Baba Ali is an apprentice to Charles Babbage in England, famous for his modern inventions. One day Ali receives a clockwork box, which marks he journey back to his homeland. What he doesn't know is that it will be fraught with danger and grief. Yet Ali will gain knowledge, strength and love as well.

This is the tale of Baba Ali and his quest to save a legacy, and possibly his life.

Baba Ali and the Clockwork Djinn is the type of novel I didn't think I'd ever read, but the premise sounded interesting and different so I figured why not. Little did I know, it's actually a retelling of Ali Baba and the Forty Thieves, only I didn't realise until halfway through the story.

In fact, I wasn't fully engaged with what was happening until the last half kicked in. That's when I felt like the story really made sense and the characters had some sort of purpose. It wasn't that the plot was slow, more so that the first half was only a build up - necessary but not overly interesting. It did take me awhile to get past all that. Still, the second half really made up for my lack of interest, with the action and fantasy elements becoming a larger focus. At first I was really confused with all the inventions and technologically advanced objects, which I didn't expect to see in this setting, but once the magical factors also made an appearance everything smoothed out.

I really liked the mapping of the settings, especially the cave where Ali finds in the desert - much like the original story - and his own homeland. It carried a really mystical and mysterious tone, perfect for where the plot was heading. The characters were decent, although only Ali stuck with me, whilst the villains were pretty typical and one-sided. Yet, I could actually imagine them as characters in a Disney/animated movie and this entire story could be made into one, if it wasn't so violent and had less mature content.

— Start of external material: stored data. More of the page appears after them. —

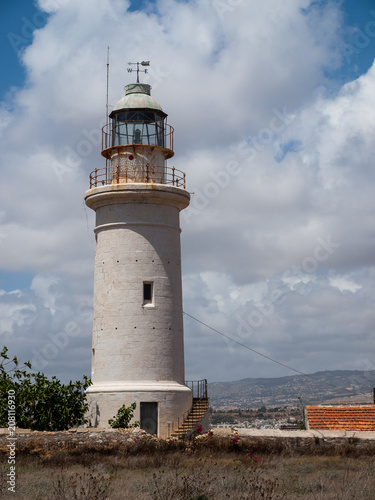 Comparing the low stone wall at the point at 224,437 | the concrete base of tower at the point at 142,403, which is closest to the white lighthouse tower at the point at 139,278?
the concrete base of tower at the point at 142,403

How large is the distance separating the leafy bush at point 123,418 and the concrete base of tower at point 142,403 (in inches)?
6.4

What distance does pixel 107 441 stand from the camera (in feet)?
67.1

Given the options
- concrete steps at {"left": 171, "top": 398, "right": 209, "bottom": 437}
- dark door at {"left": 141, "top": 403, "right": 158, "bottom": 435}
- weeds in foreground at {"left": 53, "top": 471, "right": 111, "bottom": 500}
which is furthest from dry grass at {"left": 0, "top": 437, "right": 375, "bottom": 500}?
concrete steps at {"left": 171, "top": 398, "right": 209, "bottom": 437}

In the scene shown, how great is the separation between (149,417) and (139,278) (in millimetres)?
4580

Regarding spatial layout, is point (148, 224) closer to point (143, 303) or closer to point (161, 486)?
point (143, 303)

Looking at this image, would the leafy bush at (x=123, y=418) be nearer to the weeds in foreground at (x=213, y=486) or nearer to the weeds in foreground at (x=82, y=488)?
the weeds in foreground at (x=213, y=486)

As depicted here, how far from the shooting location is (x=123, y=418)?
76.6 feet

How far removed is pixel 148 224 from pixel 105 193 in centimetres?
184

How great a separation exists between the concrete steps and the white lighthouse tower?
0.75ft

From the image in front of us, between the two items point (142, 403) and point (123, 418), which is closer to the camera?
point (123, 418)

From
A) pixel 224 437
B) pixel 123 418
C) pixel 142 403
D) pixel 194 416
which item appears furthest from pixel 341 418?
pixel 224 437

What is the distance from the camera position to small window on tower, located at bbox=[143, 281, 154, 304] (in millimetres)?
24938

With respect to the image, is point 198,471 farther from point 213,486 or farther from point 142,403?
point 142,403

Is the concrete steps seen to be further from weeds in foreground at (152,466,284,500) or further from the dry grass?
weeds in foreground at (152,466,284,500) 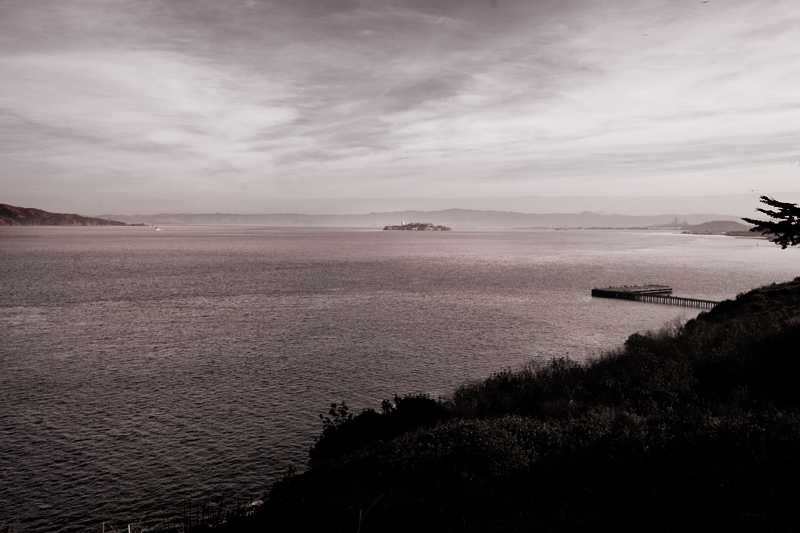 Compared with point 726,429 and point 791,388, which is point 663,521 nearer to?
point 726,429

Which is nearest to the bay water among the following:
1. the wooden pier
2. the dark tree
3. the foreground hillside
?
the wooden pier

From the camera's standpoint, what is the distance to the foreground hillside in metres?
16.2

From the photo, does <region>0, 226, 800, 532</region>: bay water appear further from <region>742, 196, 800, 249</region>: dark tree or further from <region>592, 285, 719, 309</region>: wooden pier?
<region>742, 196, 800, 249</region>: dark tree

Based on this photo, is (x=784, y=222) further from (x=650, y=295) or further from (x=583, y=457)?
(x=650, y=295)

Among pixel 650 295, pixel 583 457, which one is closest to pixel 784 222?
pixel 583 457

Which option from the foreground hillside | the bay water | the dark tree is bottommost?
the bay water

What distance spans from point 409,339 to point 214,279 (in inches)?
2870

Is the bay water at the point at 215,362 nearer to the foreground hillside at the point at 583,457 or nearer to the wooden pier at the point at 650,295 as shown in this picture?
the wooden pier at the point at 650,295

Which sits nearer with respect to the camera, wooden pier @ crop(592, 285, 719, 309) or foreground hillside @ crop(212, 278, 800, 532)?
foreground hillside @ crop(212, 278, 800, 532)

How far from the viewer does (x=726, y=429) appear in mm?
20625

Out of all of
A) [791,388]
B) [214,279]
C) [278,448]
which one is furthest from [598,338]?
[214,279]

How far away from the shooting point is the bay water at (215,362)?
2752cm

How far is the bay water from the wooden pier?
4568mm

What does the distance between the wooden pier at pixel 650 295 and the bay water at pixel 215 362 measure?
15.0 feet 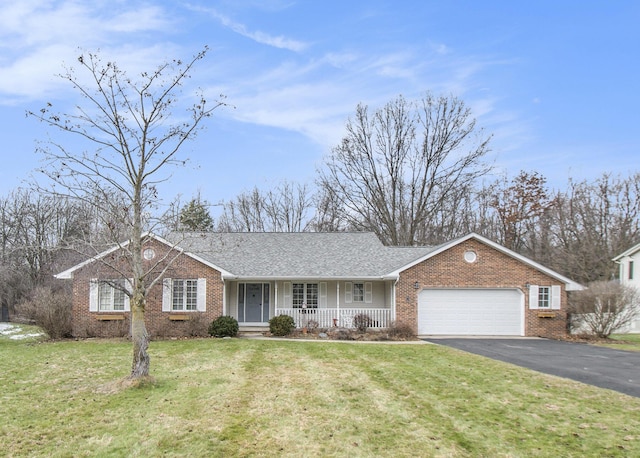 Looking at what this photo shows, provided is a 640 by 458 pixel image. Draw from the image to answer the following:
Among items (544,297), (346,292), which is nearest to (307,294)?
(346,292)

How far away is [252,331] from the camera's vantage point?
20.3 meters

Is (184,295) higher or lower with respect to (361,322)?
higher

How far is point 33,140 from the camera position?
391 inches

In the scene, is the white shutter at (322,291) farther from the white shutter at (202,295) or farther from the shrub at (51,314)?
the shrub at (51,314)

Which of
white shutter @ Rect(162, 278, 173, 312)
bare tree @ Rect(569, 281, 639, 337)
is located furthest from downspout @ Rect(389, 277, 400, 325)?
white shutter @ Rect(162, 278, 173, 312)

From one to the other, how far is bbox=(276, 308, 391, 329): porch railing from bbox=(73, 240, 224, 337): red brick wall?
9.86 ft

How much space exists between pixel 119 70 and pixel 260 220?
112 ft

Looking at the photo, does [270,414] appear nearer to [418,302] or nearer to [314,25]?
[314,25]

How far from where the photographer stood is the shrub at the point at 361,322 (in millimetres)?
19734

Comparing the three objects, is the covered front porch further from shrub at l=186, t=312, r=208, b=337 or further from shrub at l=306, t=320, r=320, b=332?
shrub at l=186, t=312, r=208, b=337

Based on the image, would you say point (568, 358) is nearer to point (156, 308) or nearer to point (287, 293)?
point (287, 293)

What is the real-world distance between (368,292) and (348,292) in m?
0.92

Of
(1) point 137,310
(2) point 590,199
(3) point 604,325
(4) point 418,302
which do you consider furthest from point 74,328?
(2) point 590,199

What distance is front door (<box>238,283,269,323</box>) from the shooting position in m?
21.8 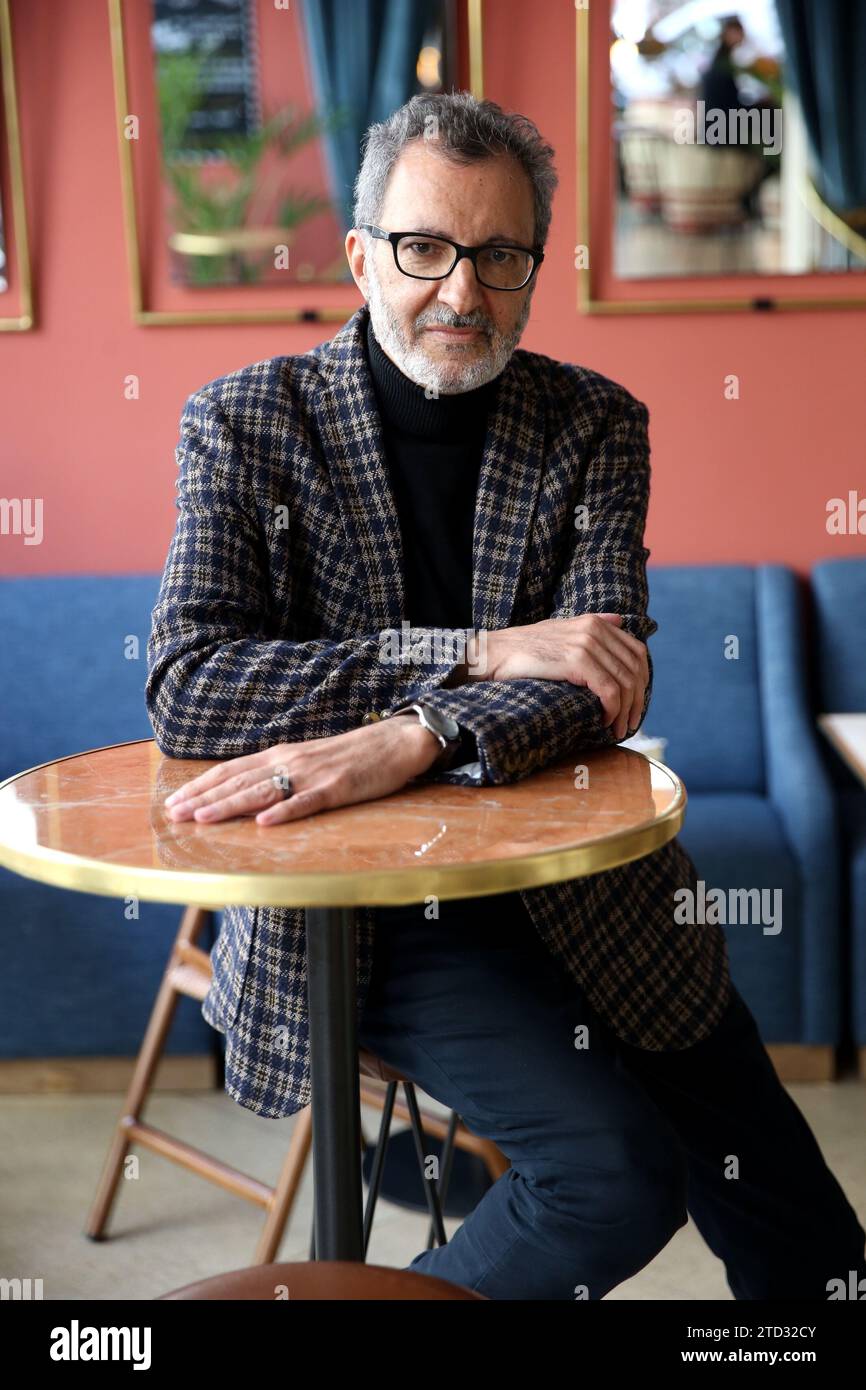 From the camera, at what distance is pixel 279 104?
3.52m

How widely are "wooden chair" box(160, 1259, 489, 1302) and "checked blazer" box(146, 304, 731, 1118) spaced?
460 millimetres

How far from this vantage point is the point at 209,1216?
104 inches

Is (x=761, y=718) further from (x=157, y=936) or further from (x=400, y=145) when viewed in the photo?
(x=400, y=145)

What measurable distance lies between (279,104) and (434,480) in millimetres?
2082

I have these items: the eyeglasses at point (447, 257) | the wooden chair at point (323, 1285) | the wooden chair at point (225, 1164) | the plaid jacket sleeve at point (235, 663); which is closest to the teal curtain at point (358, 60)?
the eyeglasses at point (447, 257)

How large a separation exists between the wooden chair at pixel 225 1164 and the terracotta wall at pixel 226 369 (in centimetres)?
145

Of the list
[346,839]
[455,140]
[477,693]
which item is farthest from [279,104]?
[346,839]

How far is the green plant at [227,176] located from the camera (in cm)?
352

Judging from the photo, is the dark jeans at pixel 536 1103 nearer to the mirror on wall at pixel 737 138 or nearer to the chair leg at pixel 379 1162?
the chair leg at pixel 379 1162

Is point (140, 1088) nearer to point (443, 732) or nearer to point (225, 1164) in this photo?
point (225, 1164)

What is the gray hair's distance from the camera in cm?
175

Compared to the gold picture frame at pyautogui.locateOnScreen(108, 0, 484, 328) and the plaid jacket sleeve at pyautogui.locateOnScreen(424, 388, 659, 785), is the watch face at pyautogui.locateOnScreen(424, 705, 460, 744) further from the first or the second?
the gold picture frame at pyautogui.locateOnScreen(108, 0, 484, 328) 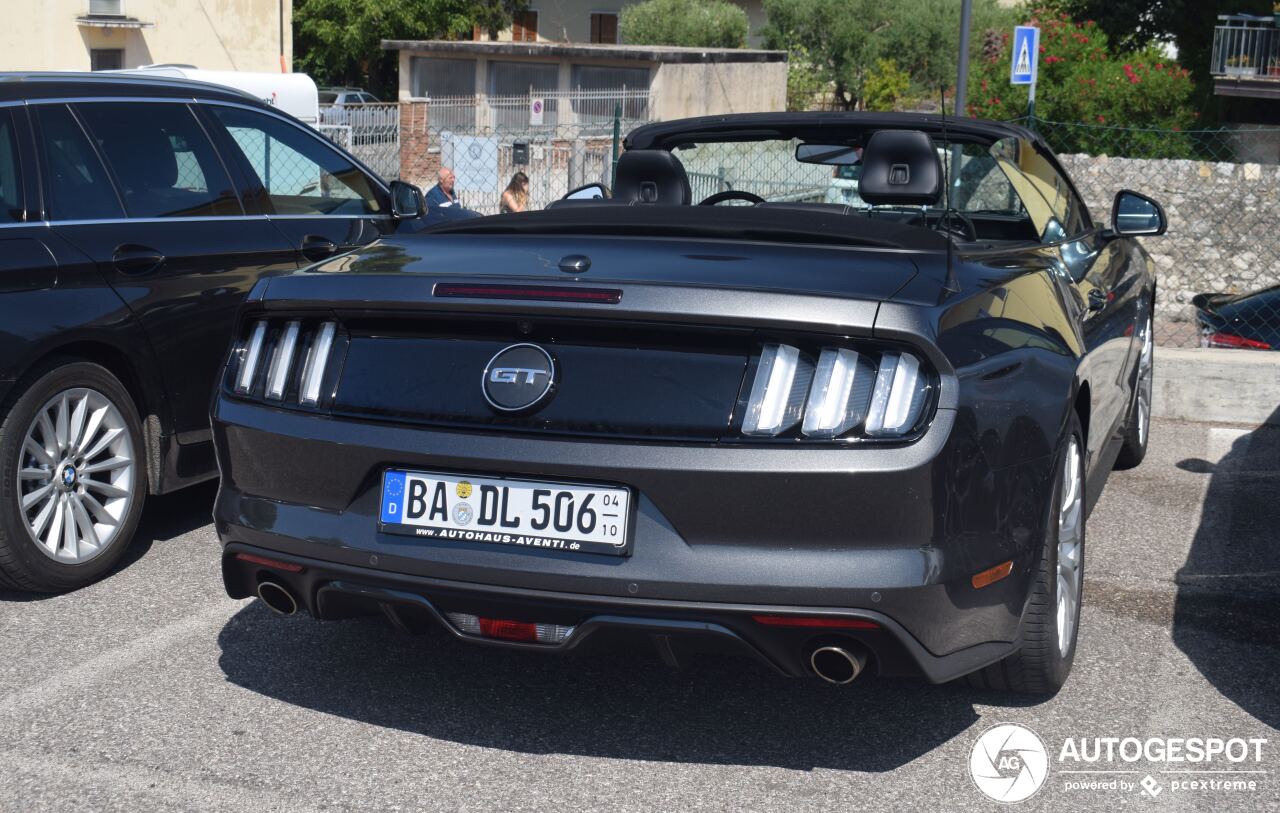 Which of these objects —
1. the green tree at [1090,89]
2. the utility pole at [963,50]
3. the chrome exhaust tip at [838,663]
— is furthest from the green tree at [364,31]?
the chrome exhaust tip at [838,663]

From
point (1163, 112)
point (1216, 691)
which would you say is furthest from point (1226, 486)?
point (1163, 112)

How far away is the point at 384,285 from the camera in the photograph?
140 inches

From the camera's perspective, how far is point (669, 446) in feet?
10.5

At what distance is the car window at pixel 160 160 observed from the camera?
5.22 m

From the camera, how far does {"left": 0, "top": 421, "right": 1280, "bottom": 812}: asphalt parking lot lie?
342 cm

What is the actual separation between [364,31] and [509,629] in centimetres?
5014

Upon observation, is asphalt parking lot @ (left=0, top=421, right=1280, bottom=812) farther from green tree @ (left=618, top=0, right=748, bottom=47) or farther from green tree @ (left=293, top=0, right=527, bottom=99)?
green tree @ (left=618, top=0, right=748, bottom=47)

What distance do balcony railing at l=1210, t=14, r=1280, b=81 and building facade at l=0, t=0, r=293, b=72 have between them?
24.3 metres

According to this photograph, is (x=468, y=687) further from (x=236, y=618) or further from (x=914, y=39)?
(x=914, y=39)

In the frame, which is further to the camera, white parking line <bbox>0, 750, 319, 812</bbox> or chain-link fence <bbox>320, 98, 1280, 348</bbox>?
chain-link fence <bbox>320, 98, 1280, 348</bbox>

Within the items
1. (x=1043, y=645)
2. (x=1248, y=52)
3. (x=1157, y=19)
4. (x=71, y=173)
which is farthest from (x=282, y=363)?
(x=1157, y=19)

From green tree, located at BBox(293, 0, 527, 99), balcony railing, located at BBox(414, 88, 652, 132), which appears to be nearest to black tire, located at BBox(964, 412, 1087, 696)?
balcony railing, located at BBox(414, 88, 652, 132)

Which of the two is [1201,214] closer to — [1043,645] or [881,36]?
[1043,645]

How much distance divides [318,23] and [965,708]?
166ft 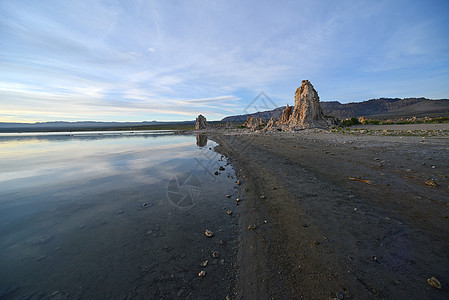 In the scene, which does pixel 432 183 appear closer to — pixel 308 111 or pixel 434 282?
pixel 434 282

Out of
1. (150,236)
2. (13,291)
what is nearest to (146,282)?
(150,236)

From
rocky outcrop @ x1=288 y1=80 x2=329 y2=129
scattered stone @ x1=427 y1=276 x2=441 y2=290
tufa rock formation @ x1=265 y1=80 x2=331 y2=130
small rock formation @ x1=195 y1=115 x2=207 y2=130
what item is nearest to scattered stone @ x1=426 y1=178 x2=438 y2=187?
scattered stone @ x1=427 y1=276 x2=441 y2=290

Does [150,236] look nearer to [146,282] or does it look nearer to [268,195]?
[146,282]

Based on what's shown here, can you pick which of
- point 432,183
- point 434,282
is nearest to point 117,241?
point 434,282

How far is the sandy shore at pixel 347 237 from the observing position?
3180 millimetres

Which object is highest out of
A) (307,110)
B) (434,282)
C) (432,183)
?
(307,110)

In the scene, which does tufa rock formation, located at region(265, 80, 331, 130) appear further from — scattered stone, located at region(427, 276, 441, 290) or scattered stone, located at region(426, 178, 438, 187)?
scattered stone, located at region(427, 276, 441, 290)

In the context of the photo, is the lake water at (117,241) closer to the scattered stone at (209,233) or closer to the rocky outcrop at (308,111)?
the scattered stone at (209,233)

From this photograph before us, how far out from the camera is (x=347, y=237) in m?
4.49

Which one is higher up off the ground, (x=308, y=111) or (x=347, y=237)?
(x=308, y=111)

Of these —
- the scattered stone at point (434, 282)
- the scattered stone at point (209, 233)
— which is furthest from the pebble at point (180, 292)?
the scattered stone at point (434, 282)

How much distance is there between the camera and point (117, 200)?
8383 millimetres

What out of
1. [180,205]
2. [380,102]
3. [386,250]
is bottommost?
[180,205]

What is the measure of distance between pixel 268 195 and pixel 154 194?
6128 mm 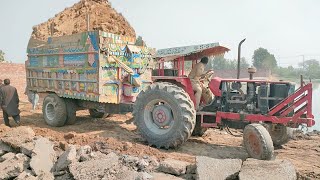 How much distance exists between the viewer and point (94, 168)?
4832 mm

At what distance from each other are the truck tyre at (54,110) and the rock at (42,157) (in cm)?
251

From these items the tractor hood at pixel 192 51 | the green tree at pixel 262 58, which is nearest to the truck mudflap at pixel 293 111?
the tractor hood at pixel 192 51

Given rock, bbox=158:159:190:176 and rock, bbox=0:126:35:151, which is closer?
rock, bbox=158:159:190:176

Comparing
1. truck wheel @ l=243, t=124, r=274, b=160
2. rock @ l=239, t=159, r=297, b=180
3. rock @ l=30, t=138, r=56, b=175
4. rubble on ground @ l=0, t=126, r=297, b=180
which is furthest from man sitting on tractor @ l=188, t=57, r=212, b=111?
rock @ l=30, t=138, r=56, b=175

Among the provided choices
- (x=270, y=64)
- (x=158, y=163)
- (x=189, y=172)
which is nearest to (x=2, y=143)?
(x=158, y=163)

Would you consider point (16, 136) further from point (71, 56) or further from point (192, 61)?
point (192, 61)

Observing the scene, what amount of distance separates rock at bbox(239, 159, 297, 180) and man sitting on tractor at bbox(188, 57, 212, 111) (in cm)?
236

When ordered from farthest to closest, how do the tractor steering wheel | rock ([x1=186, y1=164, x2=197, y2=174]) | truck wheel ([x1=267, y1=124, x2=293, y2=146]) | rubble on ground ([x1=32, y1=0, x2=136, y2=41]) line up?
rubble on ground ([x1=32, y1=0, x2=136, y2=41])
the tractor steering wheel
truck wheel ([x1=267, y1=124, x2=293, y2=146])
rock ([x1=186, y1=164, x2=197, y2=174])

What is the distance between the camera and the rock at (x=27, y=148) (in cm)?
564

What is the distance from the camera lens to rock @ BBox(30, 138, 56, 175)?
5236 millimetres

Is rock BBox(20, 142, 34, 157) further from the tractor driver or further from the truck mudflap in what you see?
the truck mudflap

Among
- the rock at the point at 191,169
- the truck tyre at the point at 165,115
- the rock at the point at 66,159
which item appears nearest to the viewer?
the rock at the point at 191,169

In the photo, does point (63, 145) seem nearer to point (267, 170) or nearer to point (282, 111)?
point (267, 170)

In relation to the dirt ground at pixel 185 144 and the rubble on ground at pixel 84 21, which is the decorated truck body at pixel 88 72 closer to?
the dirt ground at pixel 185 144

It was an interesting read, with great writing but ultimately, I couldn't really get into it as much as I would have liked to. I think my reading experience really influenced this, because  I was reading this as an e-book, so it felt like the story was going on forever. In print format it's actually on around 200 pages long, but I just kept feeling like I wanted it to end. I enjoyed it more in the last half and I appreciated it for the meaning and lessons it left. I think I am part of the minority with this view though as Baba Ali and the Clockwork Djinn has an average of 4.45 stars on Goodreads, so definitely check it out because I might be for you!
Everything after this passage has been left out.